But no. Rather than thoroughly scavenge for supplies, they huddle around the second story windows desperate for light.

But they’re not dumb students. That’s dumb writing.

(I feel a little bad calling a professional writer’s work dumb. Northrop told an otherwise solid and gripping story. I give him props for that. But this oversight crippled the reality of the situation. And it’s an easy fix. I’m just calling it like I see it as an annoyed reader, in hopes that I don’t make the same mistakes.)

Lessons from a Reader: Resolve Relational Tension

What I’m going to call ‘relational tension’ is at the center of just about every story. It’s the conflict between two characters where you can’t tell if they’re going to be friends or enemies, lovers or acquaintances. It’s usually romantic tension, but not always.

If you’re using that kind of tension in a story, you need to resolve it by the end. You can’t just leave us hanging.

This isn’t a TV series where that tension is the heart of the show and you can let it stretch on forever. And in most cases, when that tension is resolved the show loses it’s heart and flounders for something new (see: Buffy and Angel, Lorelia and Luke, Jim and Pam, Castle and Beckett [they haven’t resolved it yet, but you can tell that’s their struggle], Mal and Inara, Angel and Cordelia [Joss Whedon is good at relational tension]).

If it’s a love story they get together at the end. If it’s a tragedy they split at the end. If it’s horror one of them gets killed. That’s simplistic, but the point is something happens by the end.

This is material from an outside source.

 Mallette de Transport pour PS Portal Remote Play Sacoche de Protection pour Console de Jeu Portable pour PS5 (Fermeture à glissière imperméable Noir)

I was reading Enclave by Ann Aguirre and [SPOILER ALERT], they never resolved this tension. Now it wasn’t central to the story. But two characters were forced together. They were navigating a post-apocalyptic world and facing death side by side. Their relationship was developing, but it was undefined. Then a third character was introduced and suddenly this relational tension developed. The dreaded triangle.

But the story ended before it was resolved. The girl didn’t pick one guy over the other. She didn’t choose to be alone. She didn’t even decide not to choose. It just ended with her clearly attracted to both guys, having developed connections with both of them, but nothing happening.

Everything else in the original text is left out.